A pressure sensor is installed in cylinder head of the engine.  A trigger disk is attached to the shaft of the engine and a variable reluctance sensor produces a clock which tracks the crank angle.  A computer device connected to these sensors plots out pressure vs. volume within the engine to get what's called an indicator diagram.  The area within the plot is integrated to get the IMEP value.  In a sense, it gives a view of what happens inside the cylinder. I actually put together such ah arrangement and latter, built electronics that recorded an indicator diagram. See

https://www.youtube.com/watch?v=W1DXtLrH1YU

This was done in my back yard, not the best place for more extensive research.   That would start with running the engine on hydrogen from a tank.  That would provide the classical baseline performance of this engine.  Then connecting an electrolytic HHO reactor.  HHO and bottled hydrogen might be used together at first. In any case, it would be an attempt to measure energy yield,  that is, the additional amount of energy produced per gram of HHO hydrogen injected. In this monograph found at  www.hho-research.org/wp12.pdf  ,  I develop this idea. 

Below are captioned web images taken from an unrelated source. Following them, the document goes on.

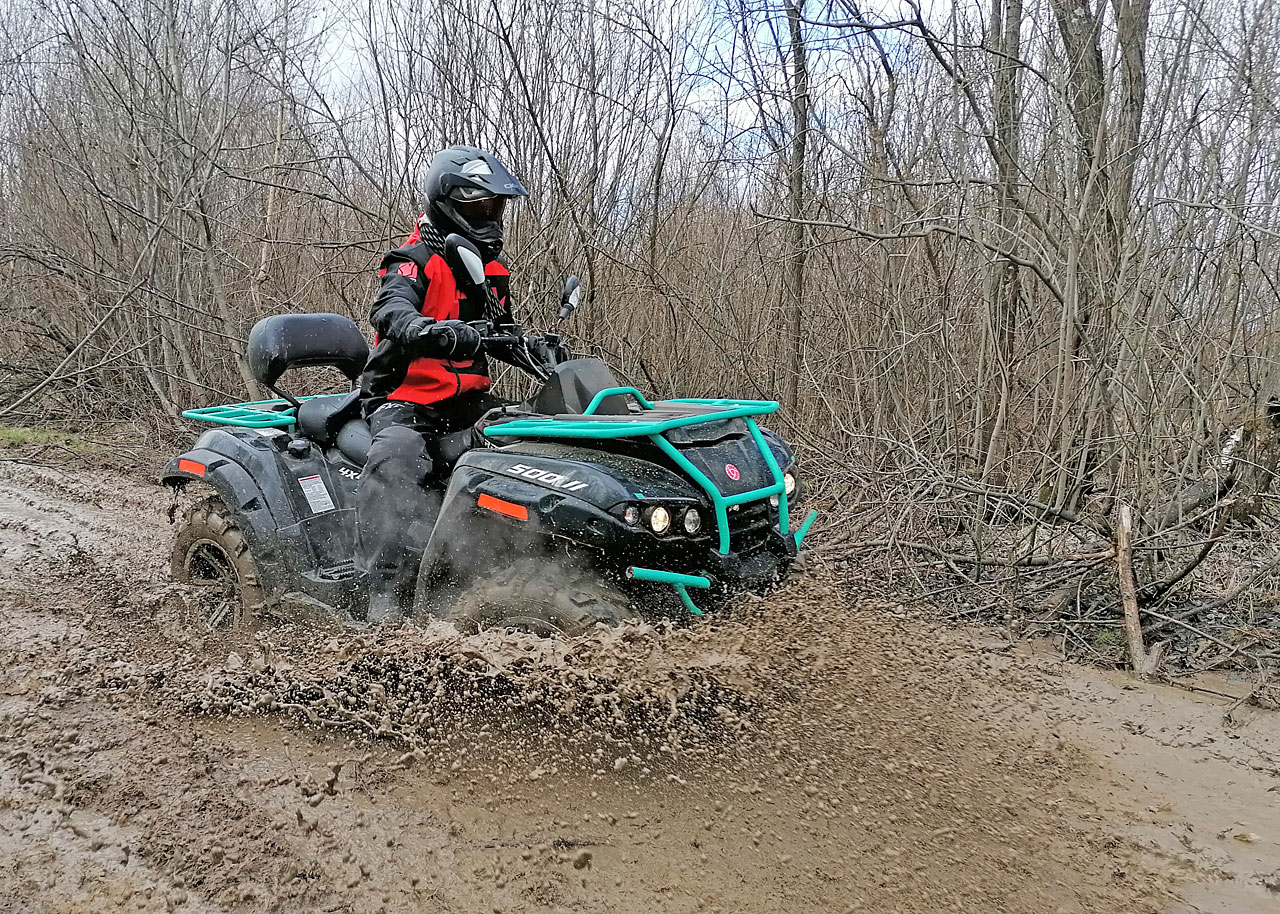 Квадроцикл РМ (Русская механика) 500-2 в Миассе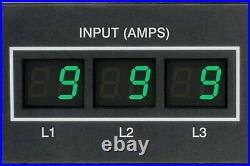 Tripp Lite PDU3MV6L2120 PDU 3-Phase Metered 208/120V 5.7 Kw 36 C13 6 C196 5-15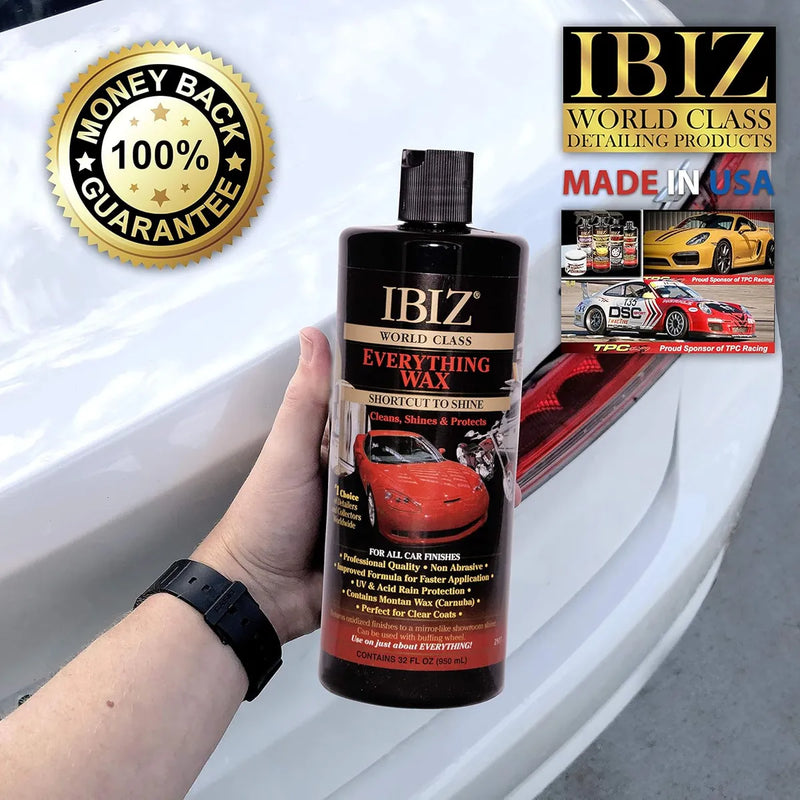 Cera Carnauba Ibiz® - Brillo Extremo Y Protección Avanzada
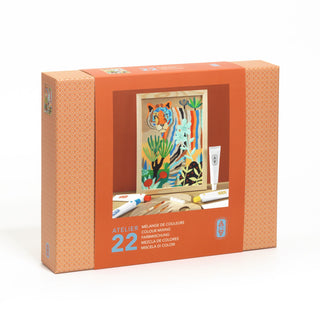 ATELIER 22 - COLOUR MIXING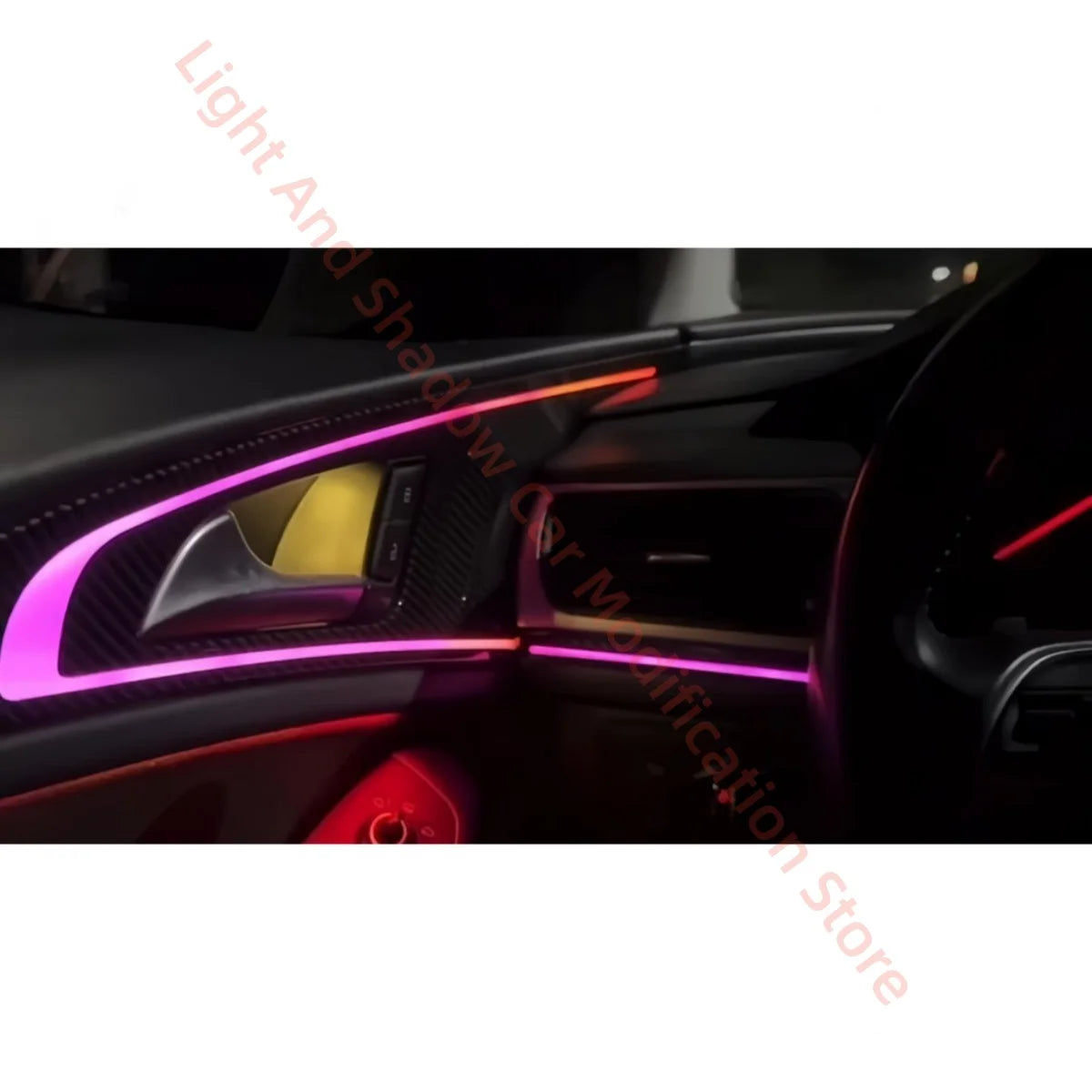 For Audi A6 C7 2012-2018 LED Trim Strip Atmosphere Interior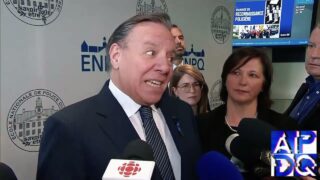 Legault défend son bilan et veut un 3e mandat!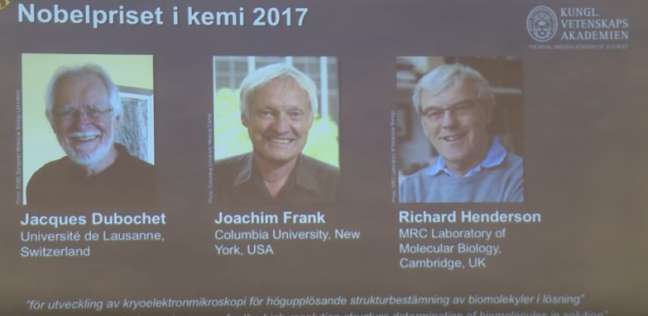 العلماء الفائزون بجائزة نوبل في الكيمياء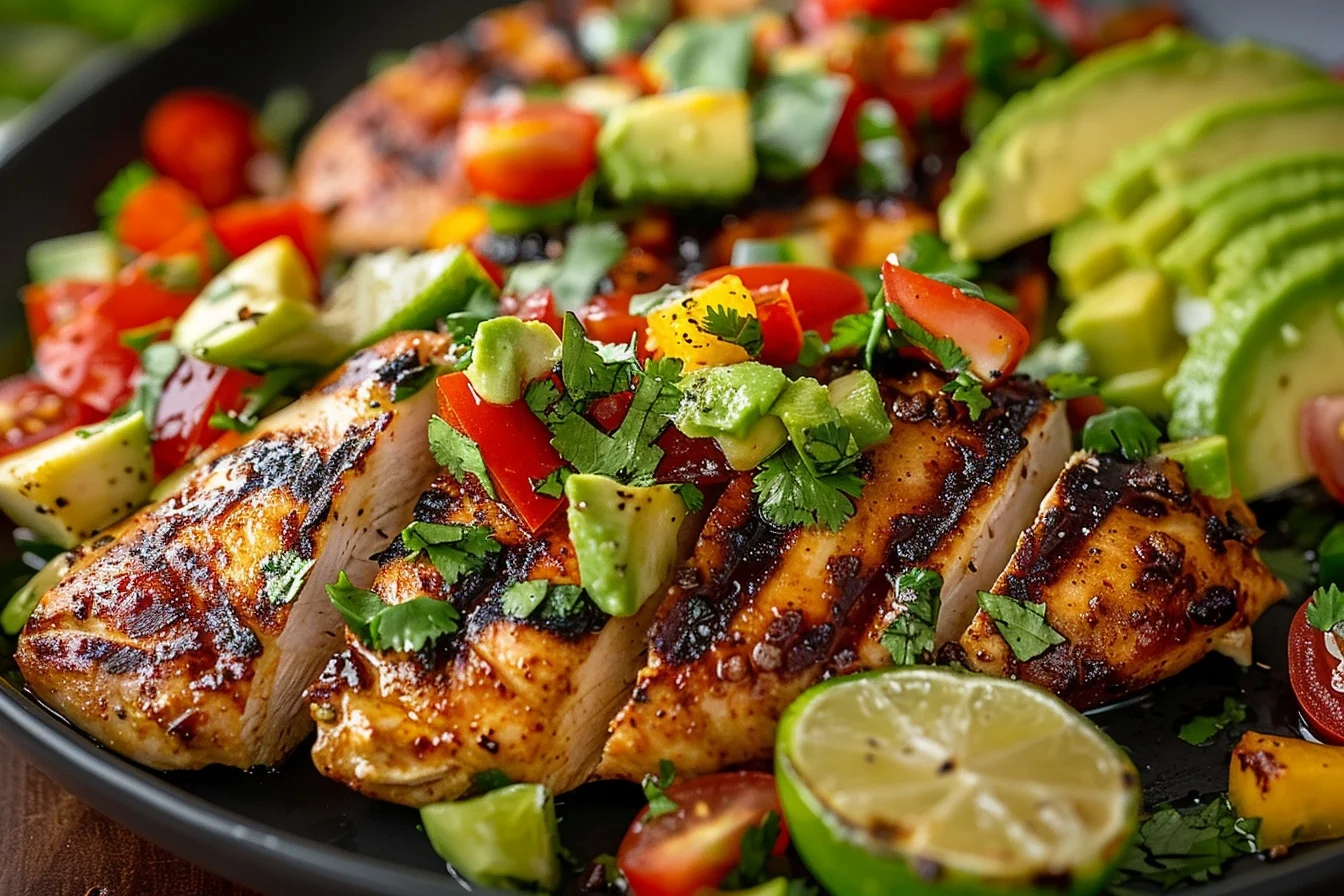fiesta lime chicken avocado 5 delicious variations middle
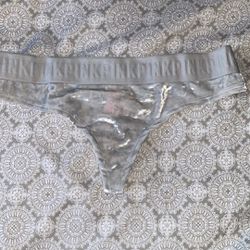 Victoria Secret Gray Velvet Underwear (never worn)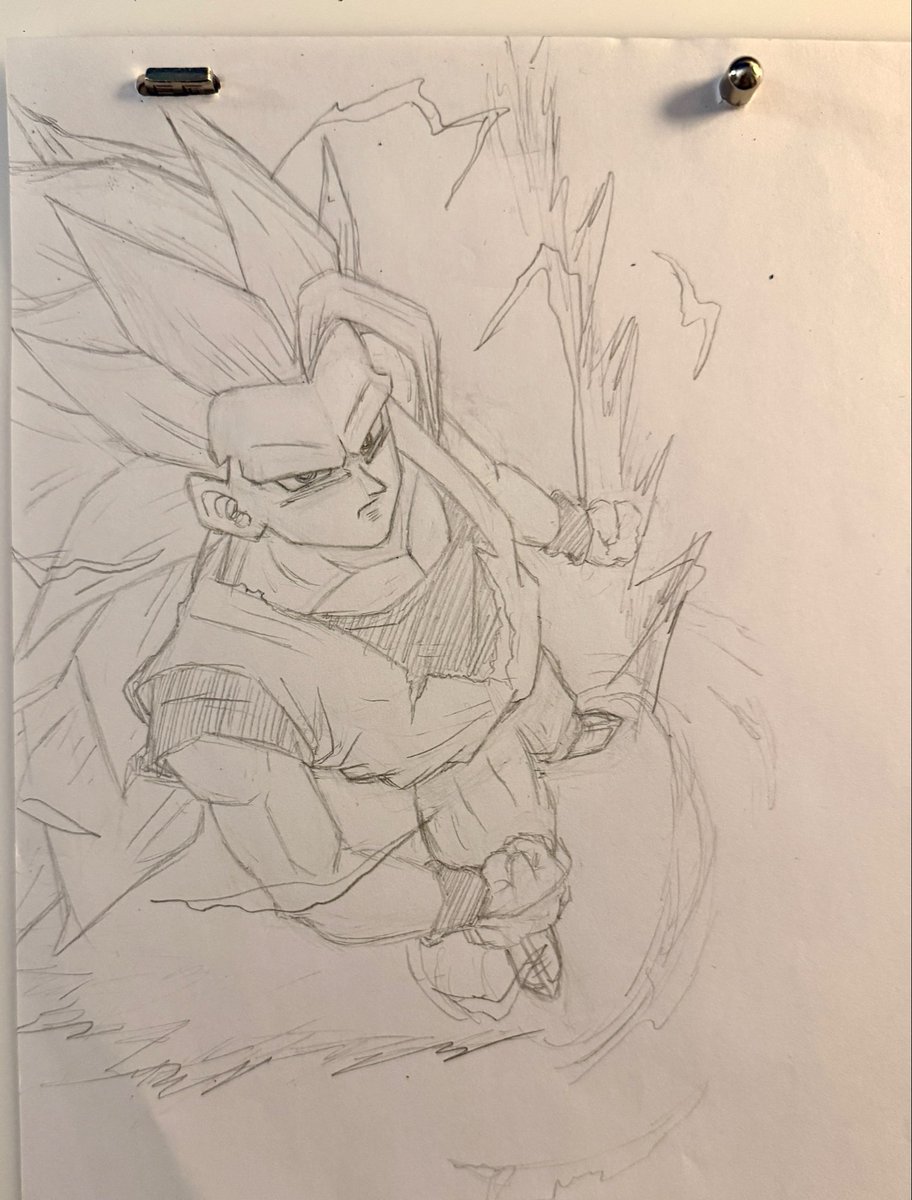Currently trying traditional animation for the first time.

Damn, its TOUGH. 

#goku #dragonball #dbz #anime #animation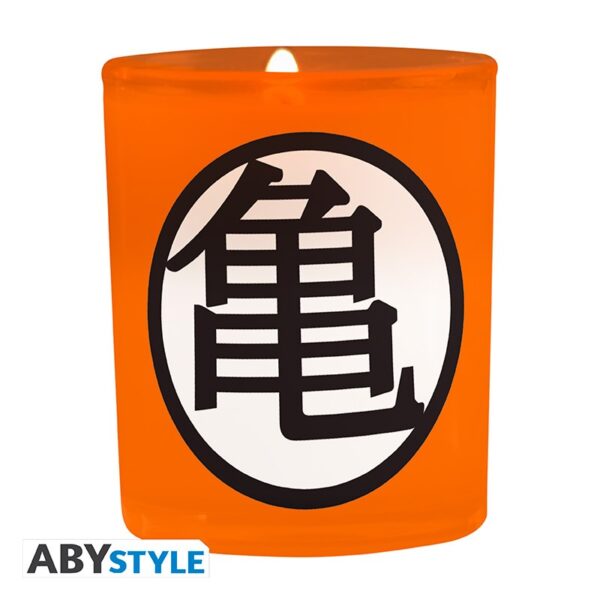 Dragon Ball Kame symbol Svíčka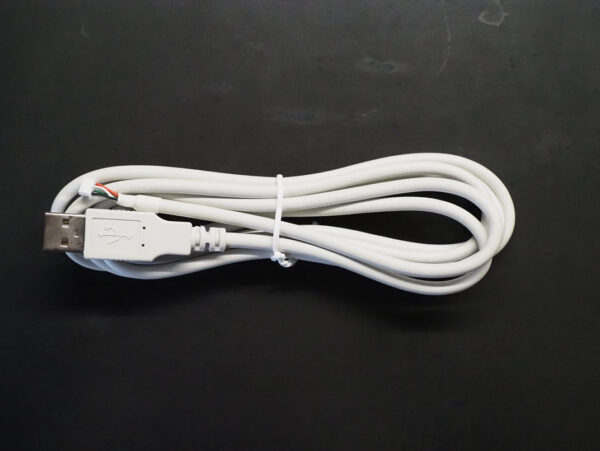 30311-180-12 CB-USB-A 1.8m light grey #470-0007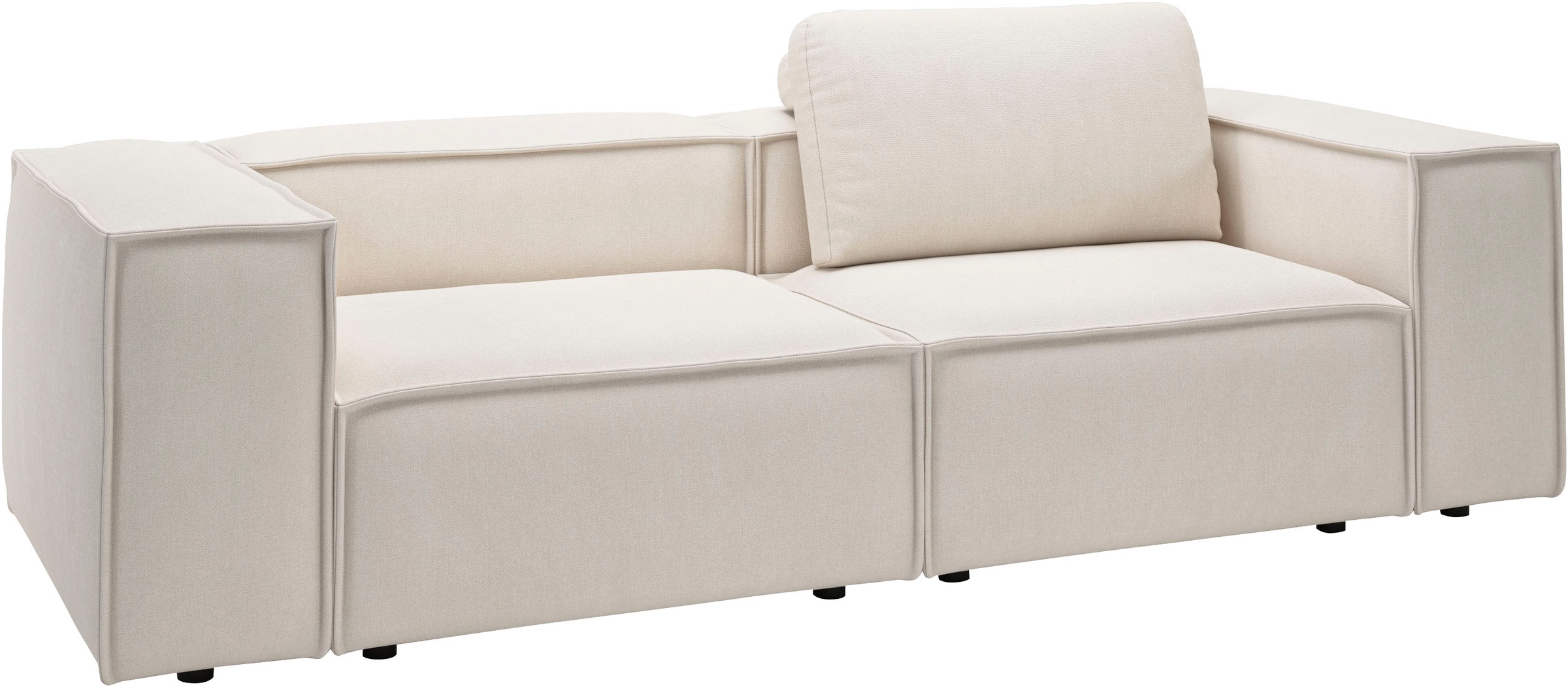Places of Style 2-Sitzer »Watertown, modernes Sofa 246 cm breit, auch in Fe günstig online kaufen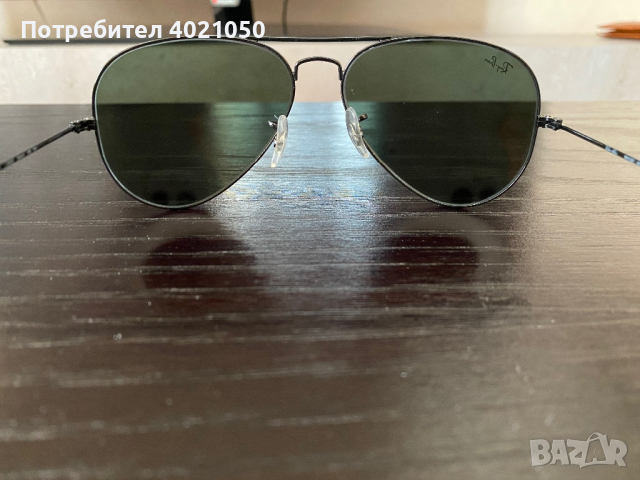 Слънчеви очила Ray-Ban RB3025 Aviator Large Metal, снимка 6 - Слънчеви и диоптрични очила - 44637028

It seems possible that multi megajoule  energy yields are possible.   In two different sets of tests,  the average yield value was 6 MJ/gram of HHO hydrogen. That is 50 times more than the low heating value of hydrogen ( 0.11996 MJ/gram )  the amount of energy that would be obtained from just burning the stuff.

The Oliver Valentin project would suggest that the reason for such a yield is a non-classical rationale and there are several other reasons suggesting that this actually makes sense. This project requires a more industrial space than my backyard,  such as, what is called a hackerspace having welding shop facilities, such as a place called Pumping Station One located at 3519 N Elston Ave, Chicago, IL.

I will finish the monograph, then maybe schedule a meet up to talk about the possibility of an open source project to explore the potential of using self-generated hydrogen/HHO as a self-contained energy source.

ramset

Sir
Thank you for sharing your efforts and thoughts ,
I am taking the initiative to forward this info to persons
I feel could assist you in this open source venture ,and comment here!